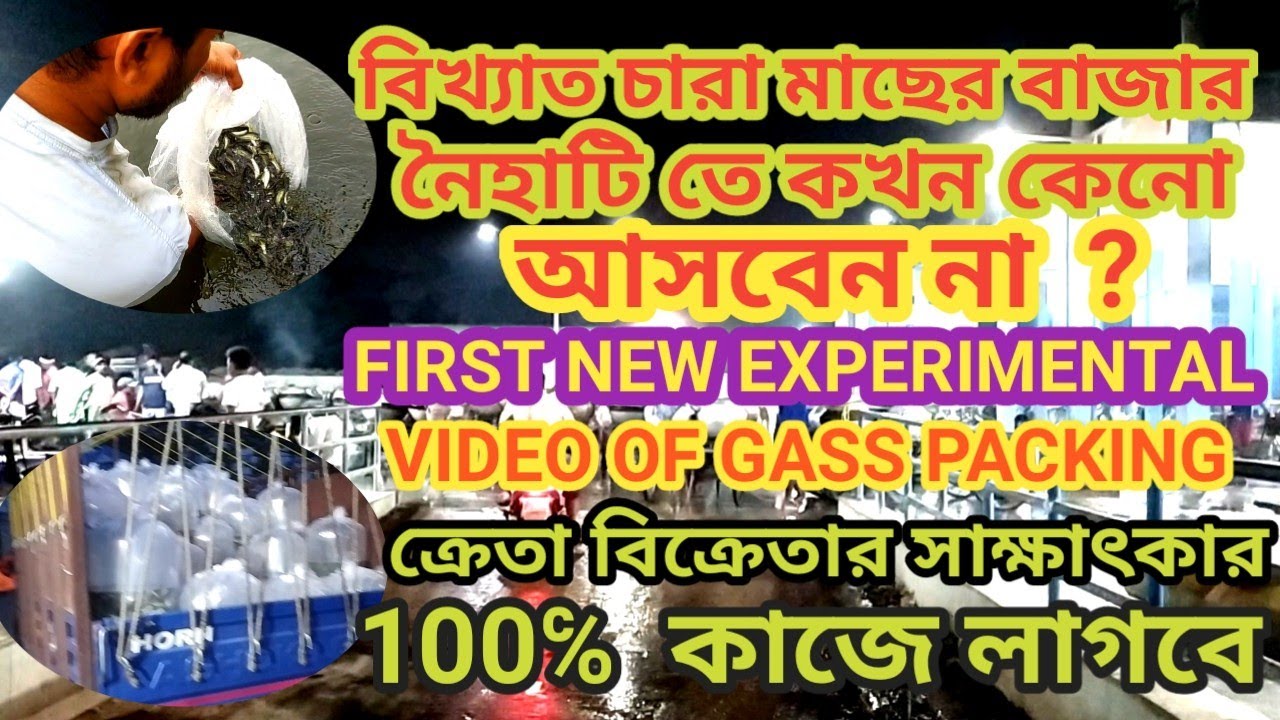 বিখ্যাত চারা মাছের বাজার নৈহাটিতে কখন কেনো আসবেন নাEXPERIMENTAL VIDEO OF GASS PACKING.100℅কাজে লাগবে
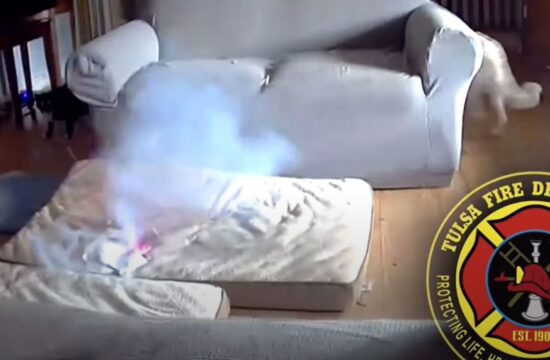 ВИДЕО Неверојатно како куче предизвика пожар во САД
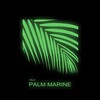 Telegram kanalining logotibi dachavillapalmmarine — дача Villa "Palm Marine"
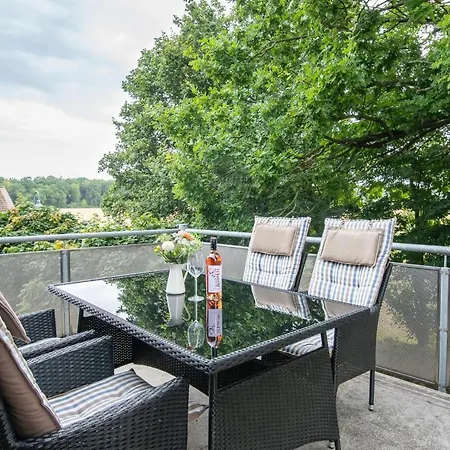 Goldfisch Koralle * Kellenhusen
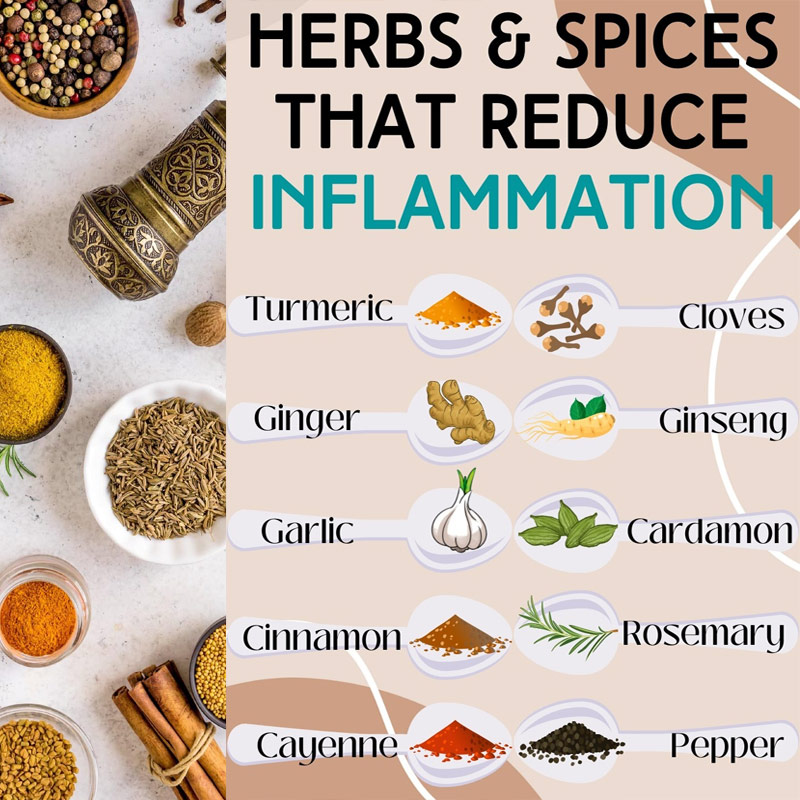OrganicLiveFood's tweet photo. Top 10 herbs and spices that you should have in your medicine cabinet

https://t.co/iXEeLjlq7A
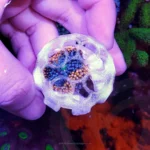 Jack-O-Lantern-Softies-Saver-Kit-OceanboxDesigns-04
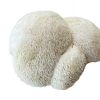 Resasti bradovec (Hericium erinaceus)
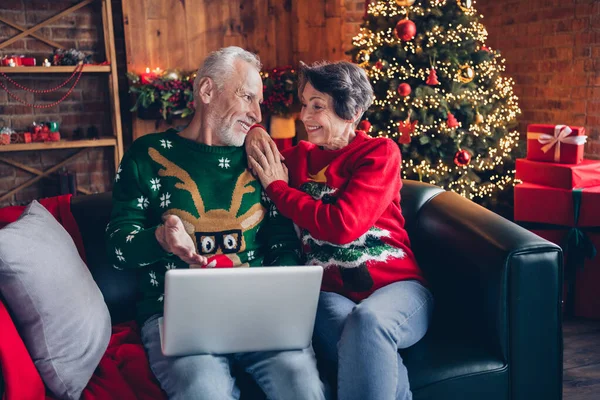 ソファに座っている2人の穏やかな牧歌的な高齢者の写真使用ネットブックのホッピング抱擁は室内で常緑樹の庭の装飾を話す — ストック写真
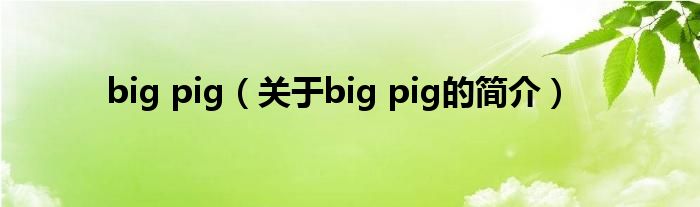 big pig（關(guān)于big pig的簡(jiǎn)介）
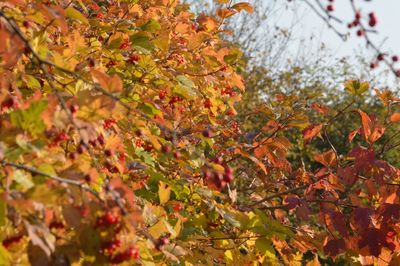 Close-up of maple tree during autumn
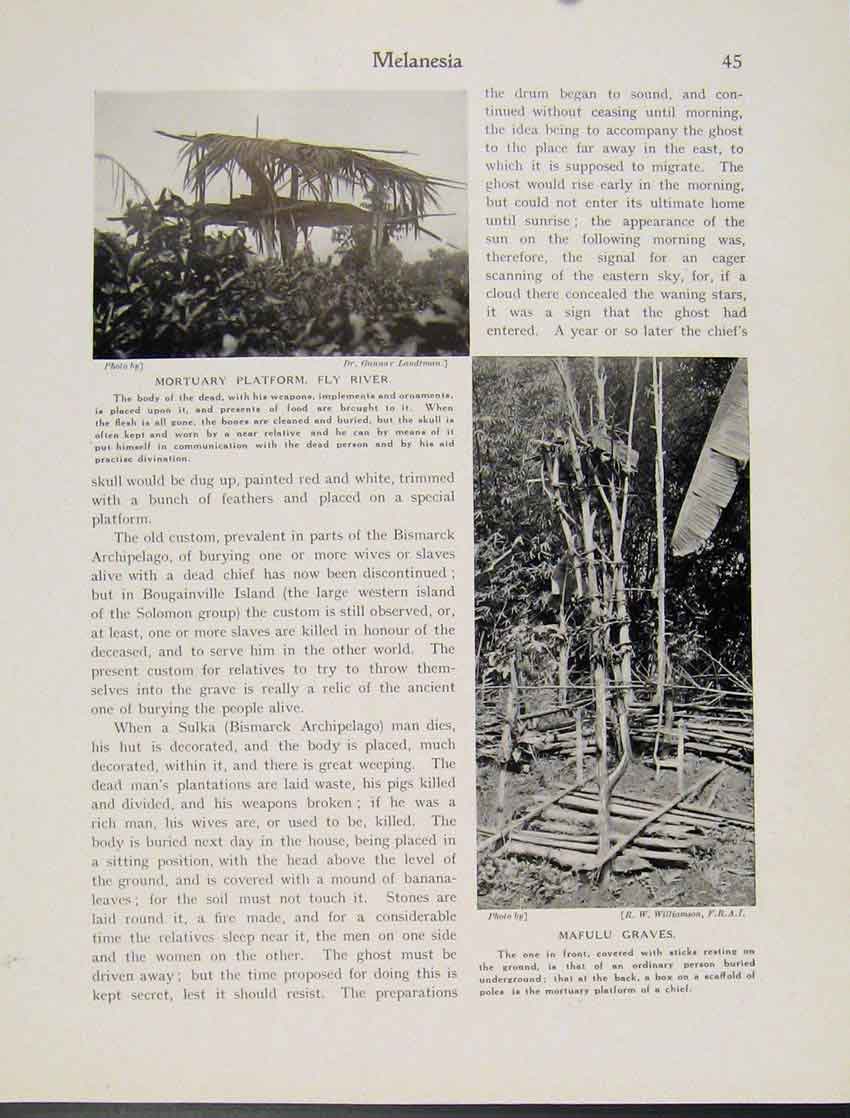 Original Old Antique Print Melanesia Mortuary Platform Fly River Mafulu Graves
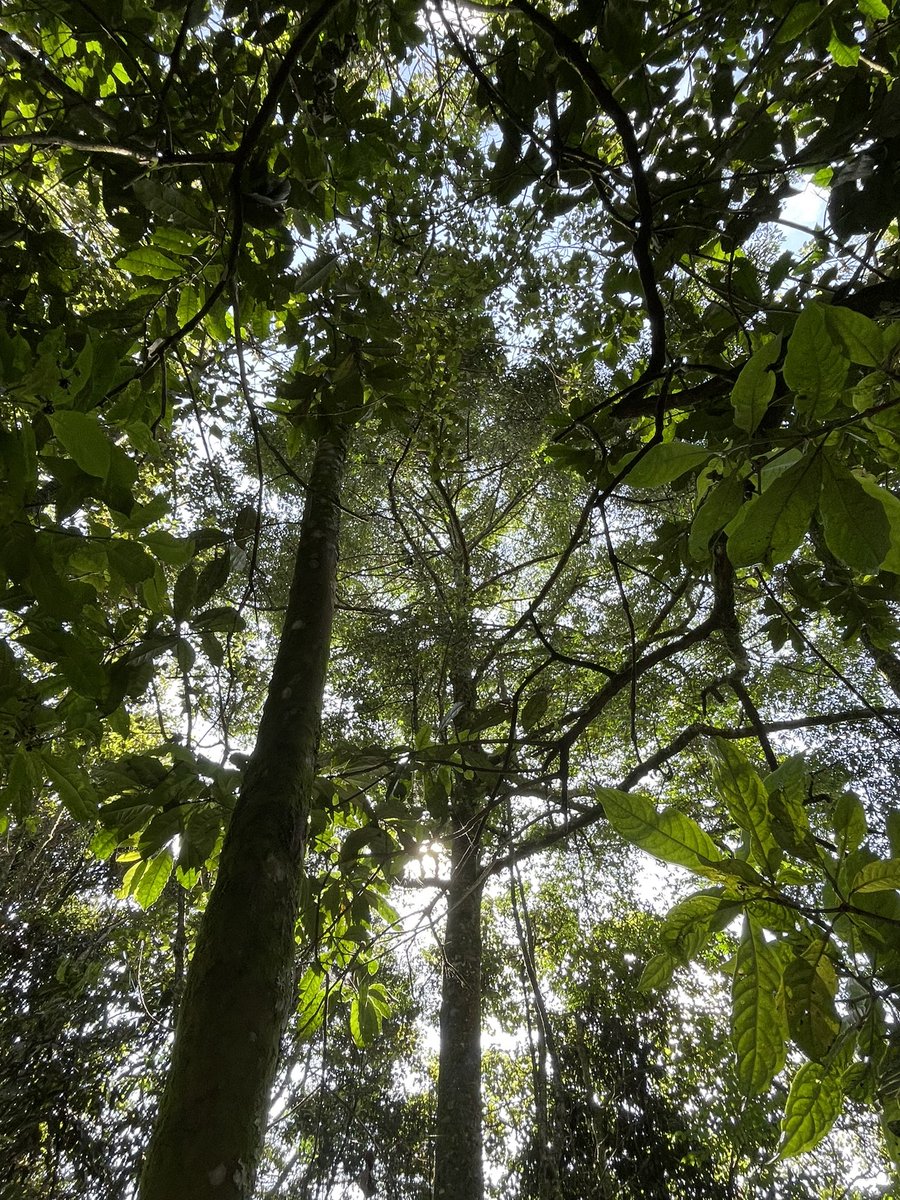 BelenCalvoEU's tweet photo. Best spot &amp; inspiration to prepare my intervention for #BiodiversityDay:
@Gishwati_Mukura National Park @FHA_Rwanda! 

@EU_ENV @EnvironmentRw 
#GreenRwanda #BiodiversityDay https://t.co/paVew28sv9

→ WORK TASK: Return the listing above unaltered, omitting its pictures.

→ ANSWER SECTION:
 বিখ্যাত চারা মাছের বাজার নৈহাটিতে কখন কেনো আসবেন নাEXPERIMENTAL VIDEO OF GASS PACKING.100℅কাজে লাগবে
 ВИДЕО Неверојатно како куче предизвика пожар во САД
 Telegram kanalining logotibi dachavillapalmmarine — дача Villa "Palm Marine"
 Goldfisch Koralle * Kellenhusen
OrganicLiveFood's tweet photo. Top 10 herbs and spices that you should have in your medicine cabinet

https://t.co/iXEeLjlq7A
 Jack-O-Lantern-Softies-Saver-Kit-OceanboxDesigns-04
 Resasti bradovec (Hericium erinaceus)
 ソファに座っている2人の穏やかな牧歌的な高齢者の写真使用ネットブックのホッピング抱擁は室内で常緑樹の庭の装飾を話す — ストック写真
 big pig（關(guān)于big pig的簡(jiǎn)介）
 Close-up of maple tree during autumn
 Original Old Antique Print Melanesia Mortuary Platform Fly River Mafulu Graves
 BelenCalvoEU's tweet photo. Best spot &amp; inspiration to prepare my intervention for #BiodiversityDay:
@Gishwati_Mukura National Park @FHA_Rwanda! 

@EU_ENV @EnvironmentRw 
#GreenRwanda #BiodiversityDay https://t.co/paVew28sv9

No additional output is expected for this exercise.